Perhaps you should replace "Win3.x" with "MS-DOS". As I recall, Win3.x apps worked horribly under Windows '95, due to programmer's shortcuts that Windows '95 won't allow. DOS programs, however, often work better under Windows 95 then they do under Windows 3.x.
OH NOES!!! IT APPEARS YUO DO NOT HAVE ENOUGH MONEY TO PAY FOR DIS HERE PIZZA! WAHT EVER ARE YOU GOING TO DO!?!?
The author first asserts that the process of moving files between the systems causes the upper/lower caseness of the filenames to be munged
This is the case, I've run into this problem myself many times and it has little to do with how the files are saved and much to do with how fs-drivers are implemented and configured. Compare to how you often end up with read-only files if you copy them from a CD in Linux. Sure you can change some settings, but then often get other side-effects in other situations (goes for both). I believe he is the original author of his project.
The author displays no knowledge of the network mounting of filesystems using SAMBA (CIFS) or NFS.
The fact that he is dual-booting strongly suggests that he (like most of us) only has one development machine, not a complete network of machines. Don't get ignorant just because you are better equipped.
Why isn't the source code checked into a configuration management tool, like CVS?
Once again, he only has one workstation, thus is CVS out of the question since it needs to be hosted under one of the OSes and he can only run one at once. Besides, CVS is in most cases just unnecessary and complicates and slows stuff down if you are the single developer. You can make backups through normal file copying.
As others have already noted elsewhere, he will still have to test on the target platform.
Which I'm sure he does now and then too (by dual booting). However, if you just need to do some minor change in platform independent code it's really a bliss to not need to dual-boot.
Besides, your criticism of using VMWare for testing is quite irrelevant. It's true you need to test on multiple environments to know that it works on them all, but as you said, VMWare with Windows X *IS* one of these environments. If he's dual booting he only has access to one environment anyway, using VMWare as well will add one or more extra testing environments.

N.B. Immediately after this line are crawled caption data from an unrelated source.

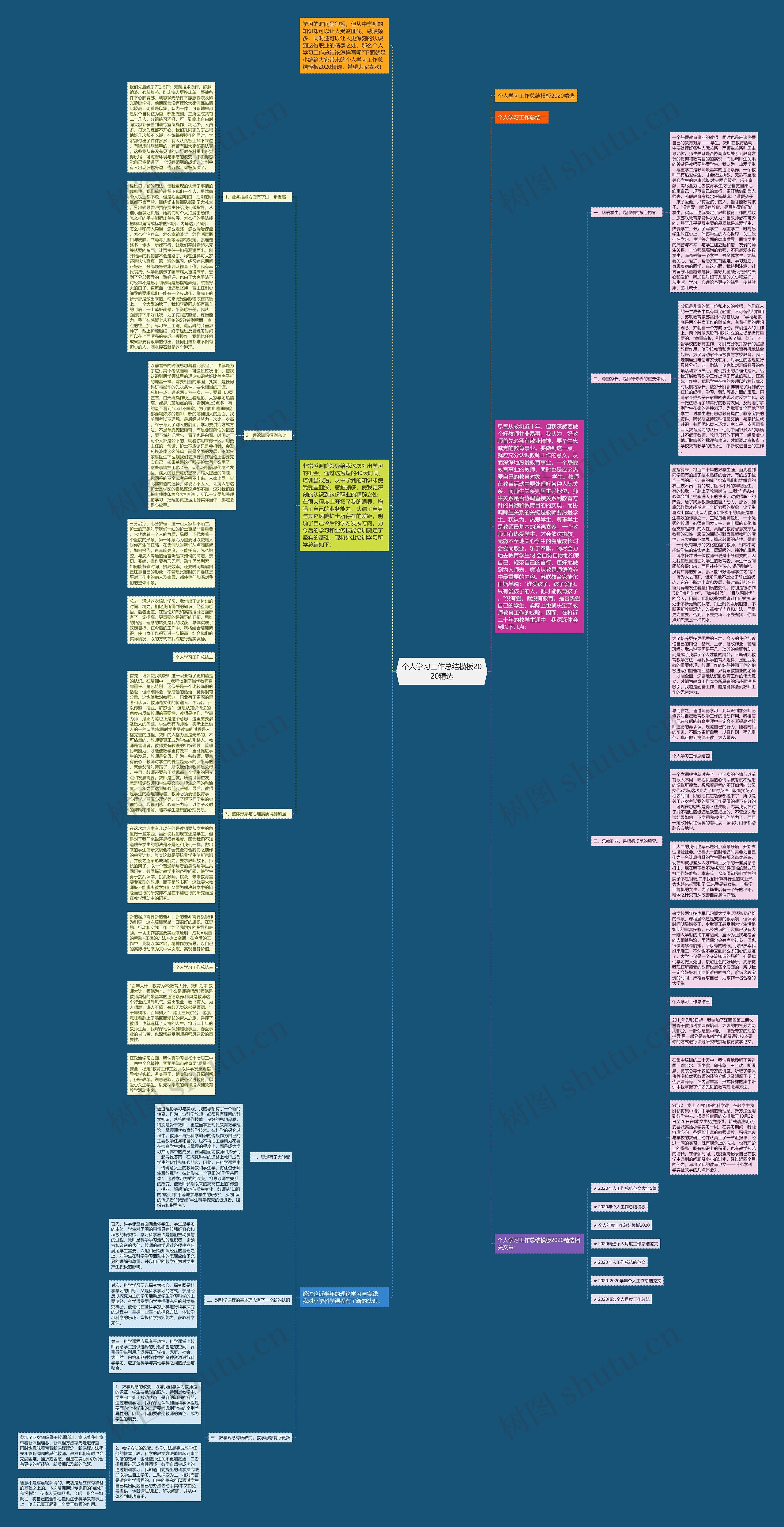 个人学习工作总结2020精选思维导图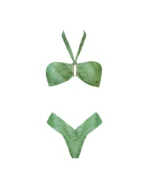 COSTUME DONNA MATINEE A DUE PEZZI DELLA STAGIONE ESTATE 2026. FASCIA IN TESSUTO LUREX FANTASIA DIE TYE VERDE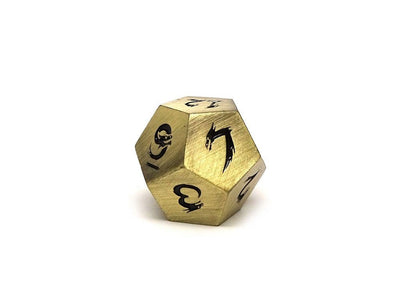 Metal Dice of Ancient Dragons - Ancient Bronze with Black Dragon Font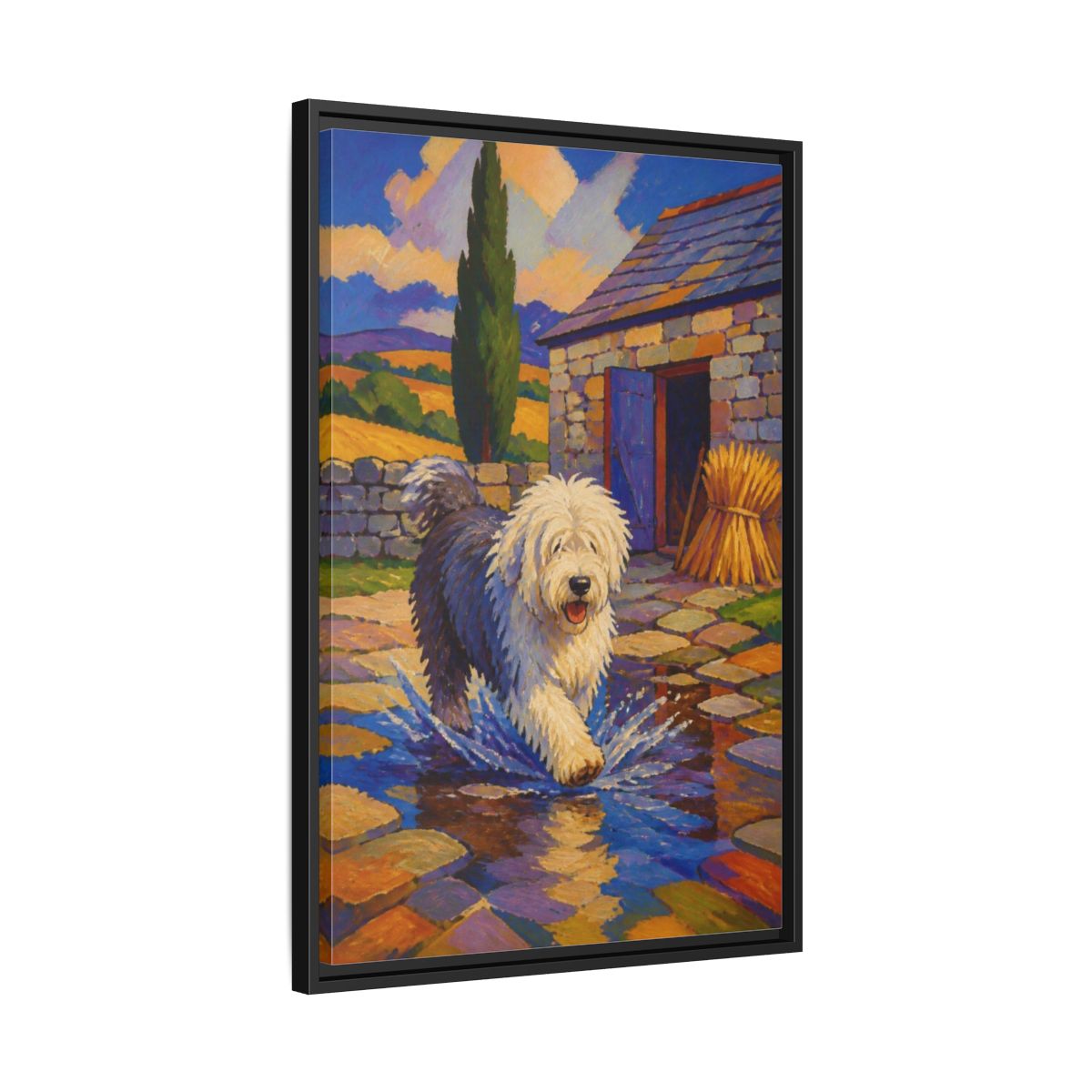 Side Mockup 14. Pet Sheepdog Splash shown as framed canvas print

I would have LOVED to have a similar setup as his when I was developing BladeEnc. Like him I only had one development machine (couldn't afford more) and constantly needed to dual-boot in order to recompile and package a new version. The platform dependent parts of BladeEnc were very limited and untouched for 95% of the development, thus this setup + testing under wine (for possible quality degradation due to compiler excentricities) would have been more than enough during most of my days. Only performance tweaking would have to be done in windows environment.
With your 20+ years as software developer you obviously have found your way of working in your projects and with your budget. Don't knock others creative solutions for solving their problems with their resources in a totally different situation.
This is very big news. Microsoft's compiler CL.EXE makes many non-obvious Win32 API calls before it gets down to business. These calls were not implemented immediately because they are used by very few programs. Even after the calls were implemented, CL.EXE would routinely crash (as of maybe October or November 2002). If the Microsoft compiler now runs on Wine, we have achieved a major step forward.
-Hope
You should be able to use the cc front end that comes with UWIN as a front end for MSVC that you are running with WINE. This will allow you to use UNIX Makefiles to compile using MSCV. It also
will allow you do use UNIX style file names
and compile options.
I haven't tried compiling the cc front end to MSVC on UNIX/Linux, but you should be able to compile it using MSVC and run it under WINE.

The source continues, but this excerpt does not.